Et mon groupe, qui est Justiça Ambiental – je suis en congé sabbatique des Amis de la Terre International ; Je représente Justiça Ambiental, les Amis de la Terre Mozambique. Et mon groupe lutte contre le pétrole et le gaz dans le nord du Mozambique depuis 2007, travaillant dans la province de Cabo Delgado, où les combustibles fossiles sont non seulement à l’origine du changement climatique, mais ils déplacent les communautés. Ils causent des violations des droits de l’homme. Ils déclenchent des conflits, une militarisation et des insurrections sur tout le continent, y compris au Mozambique. C’est donc contre cela que nous devons nous battre.
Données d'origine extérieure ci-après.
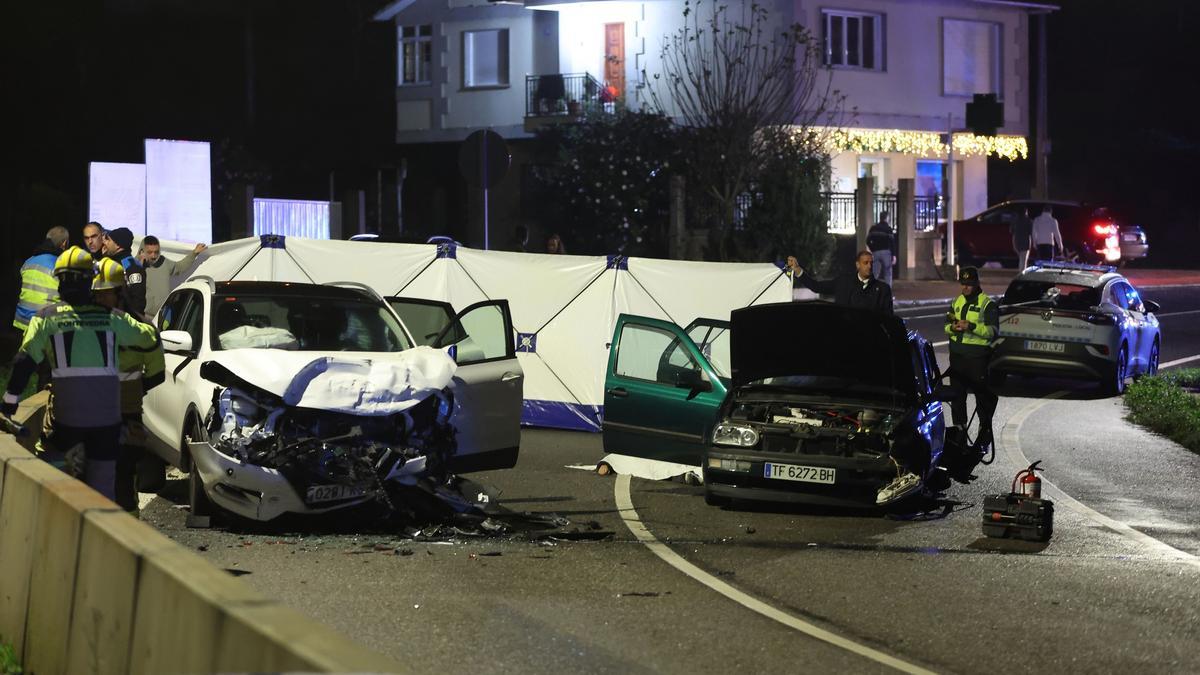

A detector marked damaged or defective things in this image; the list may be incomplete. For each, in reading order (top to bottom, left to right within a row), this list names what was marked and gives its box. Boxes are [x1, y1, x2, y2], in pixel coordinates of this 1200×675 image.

Et le GIEC parle certainement de la nécessité de réduire les émissions, mais l’une des choses qui est vraiment effrayante, Amy, c’est que toute cette notion d’élimination du dioxyde de carbone joue un rôle clé maintenant dans le rapport du GIEC. Et c’est vraiment problématique, parce que cela ouvre la porte à de fausses solutions climatiques, de fausses solutions. Ce n’est pas la voie à suivre. Et ce que cela va faire, c’est – ils parlent de dépassement. Le mot « dépassement » apparaît 23 fois dans le résumé pour les décideurs du rapport du GIEC publié aujourd’hui. Et ce qu’ils essaient de dire, c’est : « Oh, ne t’inquiète pas. Vous savez, nous pourrions franchir une hausse moyenne de la température mondiale de 1,5 degré Celsius, mais nous la ramènerons à la baisse. Nous pourrions avoir un dépassement. Nous allons le ramener avec l’élimination du dioxyde de carbone. »

Et c’est vraiment dangereux, car comment vont-ils faire l’enlèvement ? Pourquoi procèdent-ils à l’enlèvement ? Parce qu’ils ne veulent pas arrêter les combustibles fossiles. Ils veulent continuer comme si de rien n’était. Les élites veulent continuer à gagner comme elles le font. Et ce qu’ils vont faire, et ce qu’ils font déjà, c’est s’emparer des terres et des forêts des communautés du Sud, y compris au Mozambique, pour pouvoir compenser ces émissions. Et cela va créer une autre crise en plus de la crise des combustibles fossiles que nous voyons en Afrique et des impacts climatiques que nous voyons déjà.

Nous devons donc nous méfier et lutter contre cette élimination du dioxyde de carbone et ces fausses solutions. Et nous disons arrêter les émissions à la source, compter les émissions de consommation, traiter de la responsabilité historique, financer les communautés. C’est ainsi que nous pourrons faire face à la crise climatique et mettre fin aux souffrances des populations.